Andrea Dawkins  -  Friday, 26 June 2015

Tags: Launceston, Crime, Small Business

Andrea Dawkins MP | Greens Member for Bass

Local retailers have joined forces with Police and Cityprom, launching an initiative in Launceston this morning which I was pleased to have been invited to attend.

Property crime has risen in Launceston and surrounds by 60 per cent on this time last year, and that is unacceptable for a city where retailers and small business are already struggling to make ends meet.

Substance abuse is believed to be the main driver of property crime in the North, as people struggling with methamphetamine addiction turn to stealing, burglary and robbery to fund their habit.

The Launceston Retail Partnership is a fantastic example of the community coming together and advocating for its own needs. The steering committee for this programme has shown strong leadership in developing a framework for the multi store ban for offenders as well as linking to the Safe Haven programme, offering refuge to those seeking it.

We need to work together as a community to address some of issues facing small businesses in Launceston. It is clear from the amount of empty shops in Launceston that turning a profit in business is tough enough without factoring in the financial burden of theft.

The Liberals have been promising to grow and strengthen small business around the State since well before the Election last year, and yet appear to have very little concern for the business owners already established.

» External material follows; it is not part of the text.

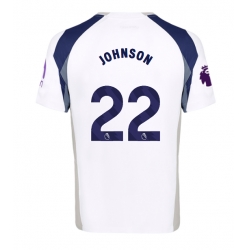 Tottenham Hotspur Brennan Johnson #22 Hemmatröja 2025-26 Kortärmad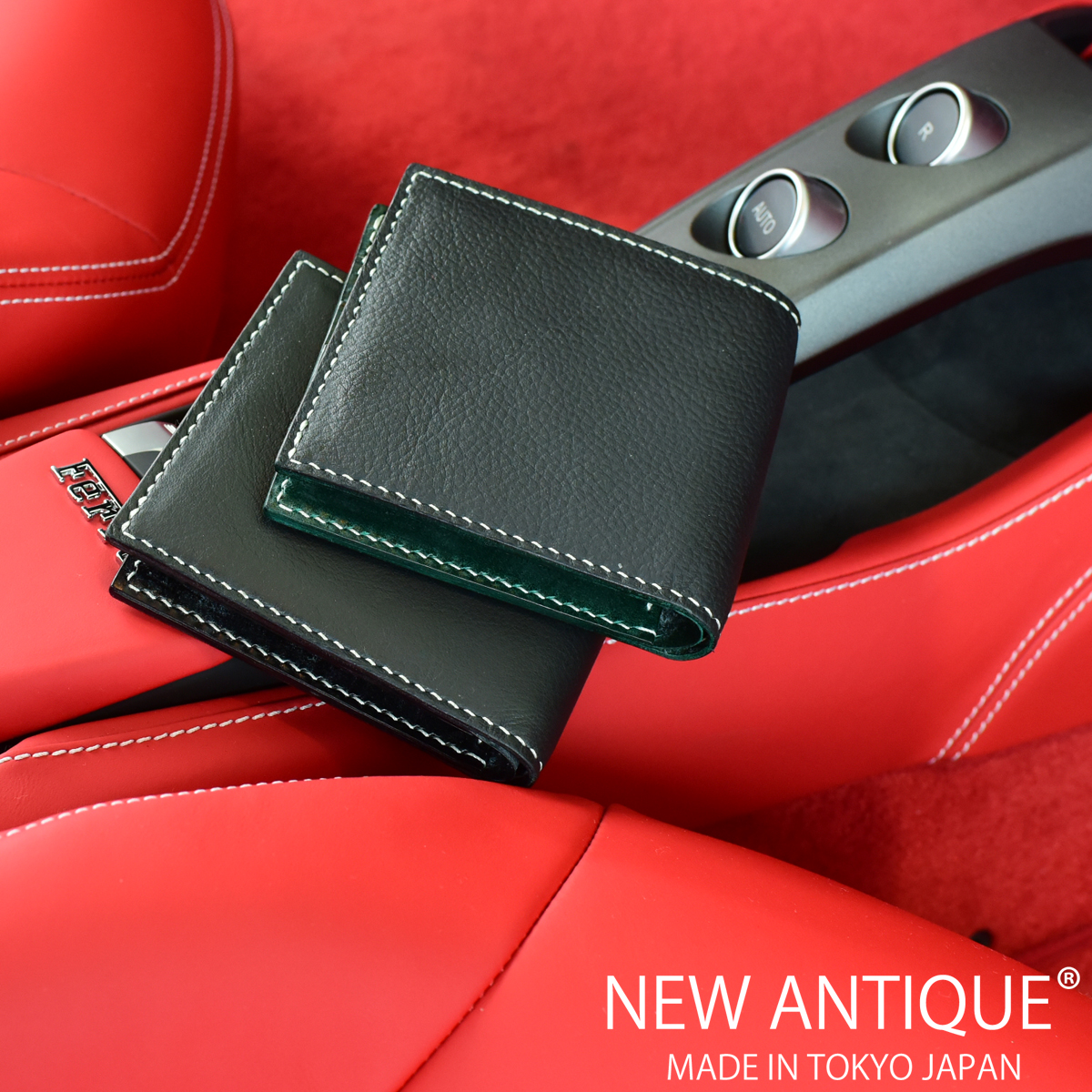オーダーメイド メルセデス・ベンツポルシェBMWクラシックレザー 使ったカリフォルニアデザインｘMADE IN TOKYO JAPAN レストモッド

The steering committee has members from various sides of politics, and I am pleased to see that we can work together when it’s really necessary.  But, the question still remains of how crime and anti-social behaviour fuelled by ‘ice’ addiction will be tackled in the long term.

I call on local Member for Bass and Minister for Health, Michael Ferguson, to step up and focus on how collaboration for collective impact, including drug prevention strategies, treatment and rehabilitation, can work alongside law enforcement to tackle the issue, rather than leaving retailers, and a Police force with limited resources, to carry the burden.